To attack this “truthful” testimony the defense attorney for the remaining defendant(s) should go after the benefit given to the defendant. Usually, there will be negotiations between the cooperator, his attorney, and the prosecutor. A demand for all the benefits of the “deal” must be made on the prosecutor. Full disclosure of all that is the reward for cooperation must be made by the prosecutor.
In cross examination, it makes no sense to go over all the points made during direct examination. For example, don’t question every statement made, by doing this the defense lawyer only re-emphasizes every bad thing the remaining co-defendant said about the defendant. Instead, the defense lawyer should attack the deal, the benefits being given, the fact that the fate of the testifying co-defendant is solely in the hands of his benefactor, the prosecutor.

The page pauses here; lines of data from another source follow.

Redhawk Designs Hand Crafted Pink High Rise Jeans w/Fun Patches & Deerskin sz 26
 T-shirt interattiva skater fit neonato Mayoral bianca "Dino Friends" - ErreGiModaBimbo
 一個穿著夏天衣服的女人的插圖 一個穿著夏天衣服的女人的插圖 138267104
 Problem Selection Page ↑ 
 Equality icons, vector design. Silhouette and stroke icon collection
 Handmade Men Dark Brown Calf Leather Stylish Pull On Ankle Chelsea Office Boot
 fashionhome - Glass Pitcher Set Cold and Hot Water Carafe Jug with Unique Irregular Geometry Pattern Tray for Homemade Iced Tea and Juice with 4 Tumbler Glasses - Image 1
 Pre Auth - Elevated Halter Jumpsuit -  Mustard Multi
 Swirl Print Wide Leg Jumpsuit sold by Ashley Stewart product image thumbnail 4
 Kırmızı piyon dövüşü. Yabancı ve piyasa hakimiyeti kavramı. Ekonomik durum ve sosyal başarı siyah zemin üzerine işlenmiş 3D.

Many times the most effective means of attacking the credibility of the witness is to go after any inconsistencies in the testimony from the original statement or the many versions of the statement that have been given. Most defendants will give several versions of the “truth” before settling on one which is most appealing to the prosecutor. An effective defense attorney must bring out every different version of the statement, disprove any statement by using other witnesses to prove what is claimed isn’t true, and finally use the prior criminal history of the witness against him. The rule for the questioning attorney should be not to re-hash the prosecutor’s case in cross examination, but instead provide a reason the jury shouldn’t trust the benefit seeking co-defendant.
In a recent murder case involving co-defendants, I had the distinct honor or having the judge specifically praise the job I did when cross examining the co-defendant. This judge sees a lot of attorneys and a lot of direct and cross examination and praise from him really meant a lot.